Position: NSF Postdoctoral Research Fellow
Current Institution: University of California, Berkeley
Abstract: Markov Chains, Programmable Matter, and Emergent Behavior
How can collections of simple computational elements accomplish complicated system-level goals? This question motivates the study of programmable matter swarm robotics and even biological systems such as ant colonies. In simplified settings, we’ve shown that simple collections of abstract particles executing our local stochastic algorithms can accomplish remarkable global objectives, including the fundamental behaviors of compression separation and alignment. In several of our algorithms, changing just a single parameter results in a different, but equally desirable, emergent global behavior. Because our distributed algorithms come from Markov chains, we can use tools and insights from Markov chain analysis to predict and rigorously explain their behavior.

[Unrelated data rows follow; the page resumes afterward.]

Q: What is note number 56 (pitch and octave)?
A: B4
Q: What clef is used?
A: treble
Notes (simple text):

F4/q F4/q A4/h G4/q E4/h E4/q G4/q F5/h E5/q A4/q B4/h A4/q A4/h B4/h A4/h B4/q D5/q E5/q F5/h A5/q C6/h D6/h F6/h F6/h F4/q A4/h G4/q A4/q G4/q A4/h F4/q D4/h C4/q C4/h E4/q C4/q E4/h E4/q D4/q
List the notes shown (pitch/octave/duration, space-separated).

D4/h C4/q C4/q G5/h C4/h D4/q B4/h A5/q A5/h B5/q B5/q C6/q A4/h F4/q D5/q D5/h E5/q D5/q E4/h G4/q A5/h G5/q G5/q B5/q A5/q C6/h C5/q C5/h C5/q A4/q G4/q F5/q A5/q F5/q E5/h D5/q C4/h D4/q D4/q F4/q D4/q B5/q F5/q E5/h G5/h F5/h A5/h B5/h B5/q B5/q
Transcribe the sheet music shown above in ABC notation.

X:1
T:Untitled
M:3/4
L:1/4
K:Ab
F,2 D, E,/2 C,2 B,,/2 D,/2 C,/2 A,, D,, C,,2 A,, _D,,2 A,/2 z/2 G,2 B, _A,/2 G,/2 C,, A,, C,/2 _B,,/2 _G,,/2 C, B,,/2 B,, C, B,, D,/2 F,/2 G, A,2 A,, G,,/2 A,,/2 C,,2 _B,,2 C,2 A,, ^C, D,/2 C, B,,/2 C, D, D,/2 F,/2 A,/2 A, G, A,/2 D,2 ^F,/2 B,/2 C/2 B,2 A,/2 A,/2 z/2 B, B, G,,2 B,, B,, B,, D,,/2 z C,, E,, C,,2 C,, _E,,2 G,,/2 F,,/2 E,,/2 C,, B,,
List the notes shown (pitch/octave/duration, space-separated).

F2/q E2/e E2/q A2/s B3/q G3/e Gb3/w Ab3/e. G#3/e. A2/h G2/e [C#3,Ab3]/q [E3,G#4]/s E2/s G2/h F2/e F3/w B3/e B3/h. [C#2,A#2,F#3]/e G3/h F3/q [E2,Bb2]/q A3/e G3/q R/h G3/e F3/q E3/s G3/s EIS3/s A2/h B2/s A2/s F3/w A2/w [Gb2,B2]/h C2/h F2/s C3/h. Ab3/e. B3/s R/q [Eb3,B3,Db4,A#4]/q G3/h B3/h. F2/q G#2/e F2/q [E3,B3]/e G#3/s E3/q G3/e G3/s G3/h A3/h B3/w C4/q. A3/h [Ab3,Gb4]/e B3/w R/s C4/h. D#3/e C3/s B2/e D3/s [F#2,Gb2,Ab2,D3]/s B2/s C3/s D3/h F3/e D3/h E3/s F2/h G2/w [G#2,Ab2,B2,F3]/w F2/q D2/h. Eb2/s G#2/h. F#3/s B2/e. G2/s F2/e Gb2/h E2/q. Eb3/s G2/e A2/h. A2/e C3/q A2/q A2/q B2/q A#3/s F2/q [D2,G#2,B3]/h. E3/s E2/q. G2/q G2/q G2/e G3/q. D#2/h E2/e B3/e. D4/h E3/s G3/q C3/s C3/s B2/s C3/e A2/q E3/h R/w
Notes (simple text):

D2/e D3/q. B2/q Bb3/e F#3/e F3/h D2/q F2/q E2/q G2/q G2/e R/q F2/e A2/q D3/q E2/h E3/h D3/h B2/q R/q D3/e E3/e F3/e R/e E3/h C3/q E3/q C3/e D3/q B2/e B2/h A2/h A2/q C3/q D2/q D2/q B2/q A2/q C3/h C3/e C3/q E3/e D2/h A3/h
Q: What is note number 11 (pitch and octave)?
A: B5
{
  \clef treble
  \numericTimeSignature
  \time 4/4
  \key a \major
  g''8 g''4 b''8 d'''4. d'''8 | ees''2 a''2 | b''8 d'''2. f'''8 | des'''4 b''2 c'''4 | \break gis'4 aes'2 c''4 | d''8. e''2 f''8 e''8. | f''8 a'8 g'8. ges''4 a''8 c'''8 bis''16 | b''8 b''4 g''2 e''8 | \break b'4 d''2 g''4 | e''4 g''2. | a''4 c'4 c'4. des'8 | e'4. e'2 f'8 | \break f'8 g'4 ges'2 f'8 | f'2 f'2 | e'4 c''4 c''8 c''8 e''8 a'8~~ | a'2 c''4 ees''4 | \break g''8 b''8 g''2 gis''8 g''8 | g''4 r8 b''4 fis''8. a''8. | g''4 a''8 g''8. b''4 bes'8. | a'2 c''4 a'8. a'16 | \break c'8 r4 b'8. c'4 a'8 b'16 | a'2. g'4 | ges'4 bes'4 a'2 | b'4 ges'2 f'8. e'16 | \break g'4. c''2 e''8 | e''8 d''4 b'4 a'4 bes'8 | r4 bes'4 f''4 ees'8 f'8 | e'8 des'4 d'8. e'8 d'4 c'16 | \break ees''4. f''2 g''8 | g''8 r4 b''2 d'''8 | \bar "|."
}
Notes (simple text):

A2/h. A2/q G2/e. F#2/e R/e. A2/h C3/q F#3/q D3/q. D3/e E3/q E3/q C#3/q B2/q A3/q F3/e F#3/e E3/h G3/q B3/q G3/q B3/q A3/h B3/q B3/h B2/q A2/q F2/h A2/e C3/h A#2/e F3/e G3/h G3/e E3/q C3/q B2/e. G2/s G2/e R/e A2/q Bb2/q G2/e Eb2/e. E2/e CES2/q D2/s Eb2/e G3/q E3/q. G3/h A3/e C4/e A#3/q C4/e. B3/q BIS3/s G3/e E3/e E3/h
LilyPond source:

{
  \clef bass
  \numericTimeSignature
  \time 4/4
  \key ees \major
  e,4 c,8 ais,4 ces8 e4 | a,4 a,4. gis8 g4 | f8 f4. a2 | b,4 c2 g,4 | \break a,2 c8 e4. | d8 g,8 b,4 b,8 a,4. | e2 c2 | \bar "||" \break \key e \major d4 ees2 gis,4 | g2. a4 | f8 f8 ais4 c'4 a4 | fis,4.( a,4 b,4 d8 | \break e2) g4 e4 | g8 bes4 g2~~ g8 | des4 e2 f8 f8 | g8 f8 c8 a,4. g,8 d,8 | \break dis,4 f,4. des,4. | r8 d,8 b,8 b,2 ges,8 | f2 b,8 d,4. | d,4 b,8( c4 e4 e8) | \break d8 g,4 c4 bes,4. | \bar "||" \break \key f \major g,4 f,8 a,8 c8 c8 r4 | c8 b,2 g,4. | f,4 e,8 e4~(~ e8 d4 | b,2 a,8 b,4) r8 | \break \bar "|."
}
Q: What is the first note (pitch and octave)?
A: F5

Sarah Cannon is an National Science Foundation (NSF) Mathematical Sciences Postdoctoral Research Fellow at the University of California, Berkeley. She recently completed a PhD in algorithms, combinatorics, and optimization at Georgia Tech, where she was an NSF Graduate Research Fellow and a Clare Boothe Luce Outstanding Graduate Fellow. She received a Simons Award for Graduate Students in Theoretical Computer Science. Previously, she received a master’s degree in mathematics and the foundations of computer science from the University of Oxford in 2013 and a bachelor’s degree in mathematics from Tufts University in 2012.